### Your instructions
In the records below, find the line with "Electric cars getting" and the line with "Chanel Classic Double Flap Jumbo". Print both exactly, along with every line between them, and no other line.

[[ Available records open ]]

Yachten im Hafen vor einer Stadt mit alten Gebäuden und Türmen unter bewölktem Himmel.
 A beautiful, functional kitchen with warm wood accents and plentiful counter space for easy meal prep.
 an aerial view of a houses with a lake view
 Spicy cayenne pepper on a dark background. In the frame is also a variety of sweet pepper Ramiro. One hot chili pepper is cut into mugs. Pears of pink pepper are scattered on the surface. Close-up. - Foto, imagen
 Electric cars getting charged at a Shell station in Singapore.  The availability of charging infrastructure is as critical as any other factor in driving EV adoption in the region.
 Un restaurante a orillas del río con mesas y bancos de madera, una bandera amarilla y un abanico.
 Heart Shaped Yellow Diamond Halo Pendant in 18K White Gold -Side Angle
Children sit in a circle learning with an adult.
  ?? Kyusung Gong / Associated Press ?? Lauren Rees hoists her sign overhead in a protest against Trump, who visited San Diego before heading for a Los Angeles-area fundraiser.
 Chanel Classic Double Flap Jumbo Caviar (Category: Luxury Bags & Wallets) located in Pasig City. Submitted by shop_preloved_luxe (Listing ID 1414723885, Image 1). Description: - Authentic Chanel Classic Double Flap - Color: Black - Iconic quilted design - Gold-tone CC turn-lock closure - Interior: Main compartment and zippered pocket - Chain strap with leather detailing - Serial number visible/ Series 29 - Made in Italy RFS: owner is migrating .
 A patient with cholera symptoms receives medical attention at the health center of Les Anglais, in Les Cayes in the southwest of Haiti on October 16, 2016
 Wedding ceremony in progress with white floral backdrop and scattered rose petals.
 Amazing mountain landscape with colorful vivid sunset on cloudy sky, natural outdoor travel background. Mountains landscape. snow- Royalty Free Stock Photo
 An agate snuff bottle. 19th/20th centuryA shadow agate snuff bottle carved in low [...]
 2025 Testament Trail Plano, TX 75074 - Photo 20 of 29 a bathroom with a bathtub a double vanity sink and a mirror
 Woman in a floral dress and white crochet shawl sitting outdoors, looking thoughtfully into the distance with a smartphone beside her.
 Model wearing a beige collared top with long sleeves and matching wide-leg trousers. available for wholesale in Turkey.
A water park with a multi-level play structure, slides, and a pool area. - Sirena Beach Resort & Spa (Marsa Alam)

[[ Available records closed ]]

### Answer to this task
 Electric cars getting charged at a Shell station in Singapore.  The availability of charging infrastructure is as critical as any other factor in driving EV adoption in the region.
 Un restaurante a orillas del río con mesas y bancos de madera, una bandera amarilla y un abanico.
 Heart Shaped Yellow Diamond Halo Pendant in 18K White Gold -Side Angle
Children sit in a circle learning with an adult.
  ?? Kyusung Gong / Associated Press ?? Lauren Rees hoists her sign overhead in a protest against Trump, who visited San Diego before heading for a Los Angeles-area fundraiser.
 Chanel Classic Double Flap Jumbo Caviar (Category: Luxury Bags & Wallets) located in Pasig City. Submitted by shop_preloved_luxe (Listing ID 1414723885, Image 1). Description: - Authentic Chanel Classic Double Flap - Color: Black - Iconic quilted design - Gold-tone CC turn-lock closure - Interior: Main compartment and zippered pocket - Chain strap with leather detailing - Serial number visible/ Series 29 - Made in Italy RFS: owner is migrating .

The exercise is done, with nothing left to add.